Feces covered a propped-up mattress and the walls of that bedroom, which was littered with a few pieces of broken furniture. The room was the apartment’s only one with a lock — on the outside of the door, allowing someone to be locked inside, according to court papers. None of the other rooms in the apartment even had doorknobs.
“The death of Jah’Meik Modlin, an innocent 4-year-old child, is a tragedy that has scarred this city,” said Manhattan District Attorney Alvin Bragg, who announced a criminal indictment against the child’s parents.
“That he died a slow and painful death, starving alongside his older siblings, somehow isolated in the heart of Harlem, is a stain on our collective conscience. Today, his parents are indicted for allegedly killing him through extreme physical neglect and persistent abuse with depraved indifference for his life.”

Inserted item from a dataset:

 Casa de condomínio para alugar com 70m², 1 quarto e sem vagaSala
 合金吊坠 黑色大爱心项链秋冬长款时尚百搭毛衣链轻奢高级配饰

The parents, Nytavia Ragsdale, 26, and Laron Modlin, 25, were officially charged with second-degree murder, manslaughter, criminally negligent homicide and four counts of endangering the welfare of a child.
The new indictment expanded on some of the abuse the children faced, and included some new details about their house of horrors.
Prosecutors said the kids went hungry in a home stocked with food, including fresh produce in the refrigerator and other fare in the cabinets, the latter which were secured with zip ties. The refrigerator was turned toward the wall so its doors could not be easily opened, according to court documents.
Bragg said Jah’Meik and his older sisters, ages 5, 6 and 7, were not in school, and had not seen a doctor in more than two years.
The parents isolated the children and kept family and friends away, limiting interaction to phone calls and FaceTime chats.
When he died last month, officials said Jah’Meik weighed only around 19 pounds, less than some Thanksgiving turkeys. He suffered from malnutrition, dehydration and starvation and had almost no body fat, court records said.
According to prosecutors, Modlin called 911 shortly before 8 p.m. on Oct. 13 and told a dispatcher that Jah’Meik was unconscious and nonresponsive in their home on Adam Clayton Powell Jr. Blvd. near W. 145th St.
The child was taken to Harlem Hospital, where he died the next morning.
Officials said Jah’Meik and his sisters arrived at the hospital with layers of dirt on their skin and feces matted in their hair.
Ragsdale’s relatives said she had reached out to social workers from the city’s Administration for Children’s Services but no one helped her, Jah’Meik or her three emaciated young daughters.
ACS had visited the home before to investigate concerns about malnutrition, but investigators did not substantiate the allegation, a law enforcement source said.
The child’s death sparked a preliminary review by the city’s Department of Investigation of ACS’s handling of the little boy’s case, which may lead to a full probe, a spokesperson told the Daily News.
Relatives said both parents had struggled with mental health issues.